Please return each entry that follows exactly as written, and keep the pictures out.

● **Excerpted data**
....

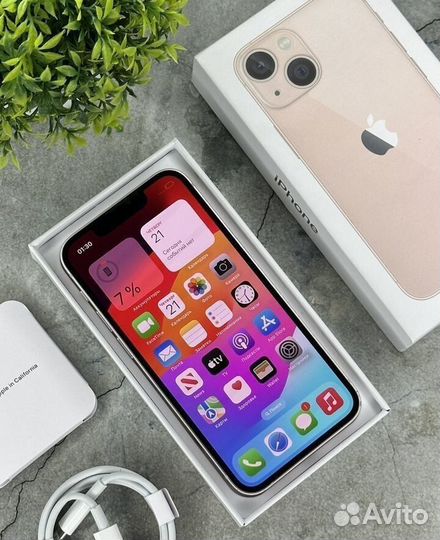 iPhone 13 mini, 128 ГБ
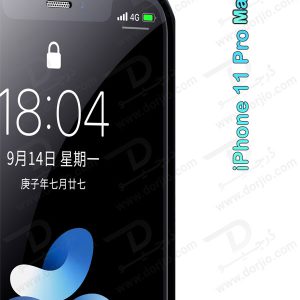 خرید کریستال شیلد شفاف گوشی iPhone 11 Pro Max مارک XUNDD سری Beatle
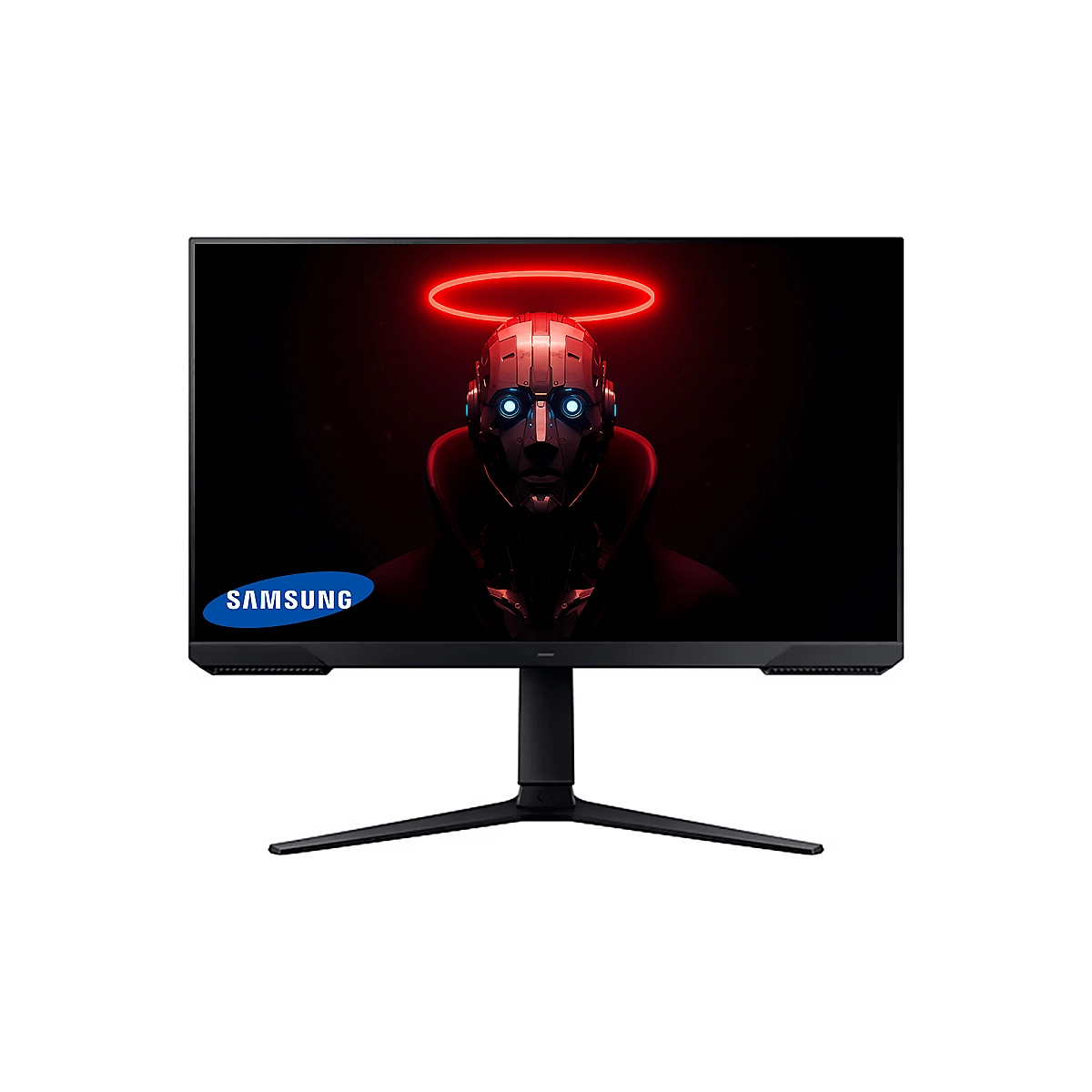 MONITOR SAMSUNG ESSENTIAL S3 27INC. Flat DP HDMI FHD 1920X1080 100HZ BLACK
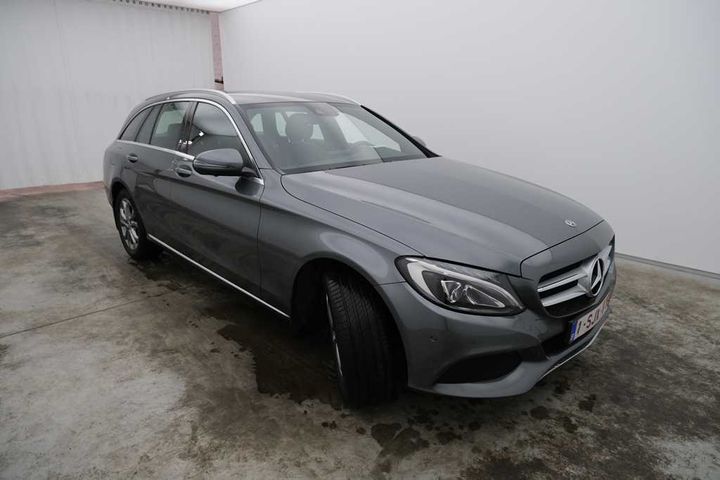 Photo 8 VIN: WDD2052401F569584 - MERCEDES-BENZ C-KLASSE BREAK &#3914 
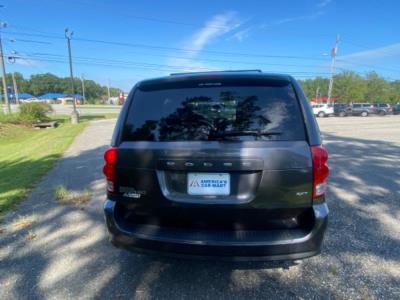 2015 Dodge Grand Caravan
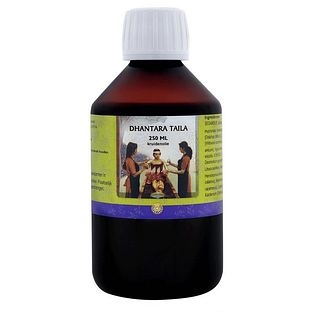 Holisan Dhantara Taila Olie 250ML Holisan Dhantara Taila Olie 250ML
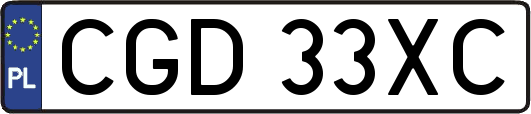 CGD33XC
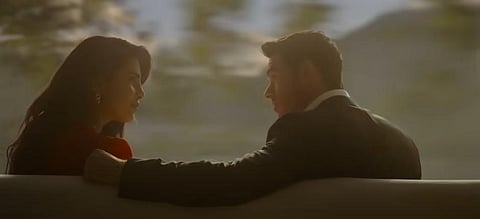 A scene from 'Citadel' (Photo | YouTube)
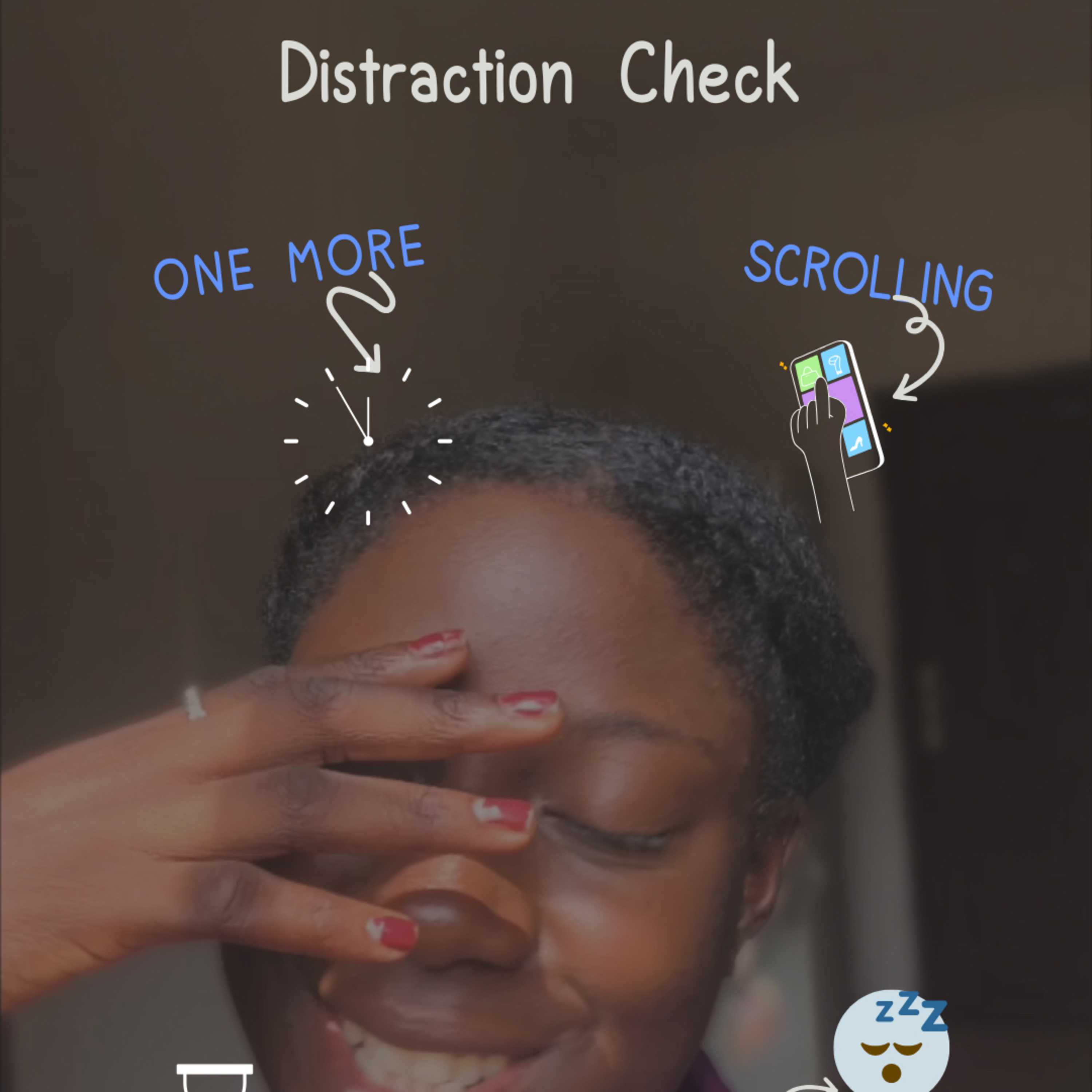 Distraction Check episode artwork
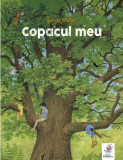 Copacul meu - Hardcover - Gerda Muller - Frontiera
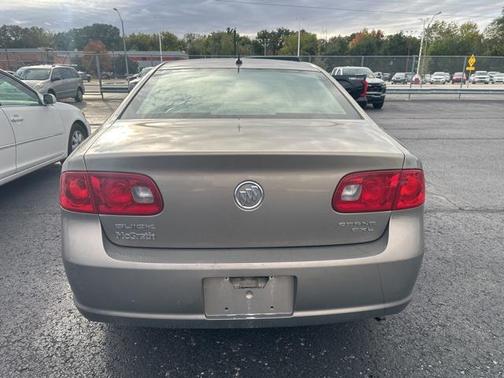 2007 Buick Lucerne CXL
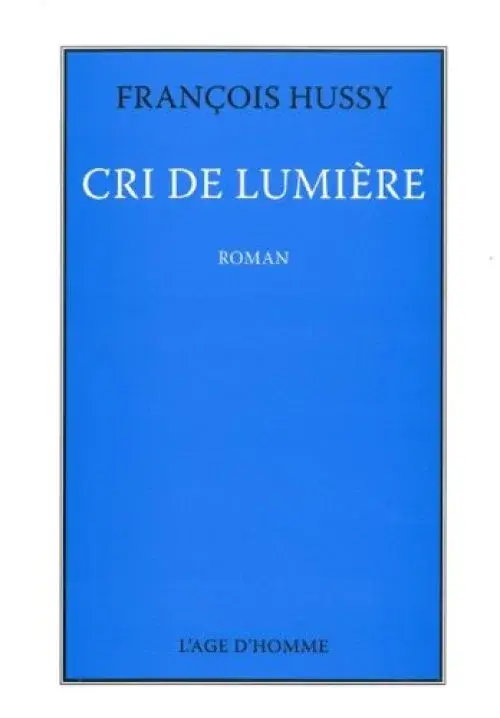 Cri de lumière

....

● **Response area**
 iPhone 13 mini, 128 ГБ
 خرید کریستال شیلد شفاف گوشی iPhone 11 Pro Max مارک XUNDD سری Beatle
 MONITOR SAMSUNG ESSENTIAL S3 27INC. Flat DP HDMI FHD 1920X1080 100HZ BLACK
 Photo 8 VIN: WDD2052401F569584 - MERCEDES-BENZ C-KLASSE BREAK &#3914 
 2015 Dodge Grand Caravan
 Holisan Dhantara Taila Olie 250ML Holisan Dhantara Taila Olie 250ML
 CGD33XC
 A scene from 'Citadel' (Photo | YouTube)
 Distraction Check episode artwork
 Copacul meu - Hardcover - Gerda Muller - Frontiera
 2007 Buick Lucerne CXL
 Cri de lumière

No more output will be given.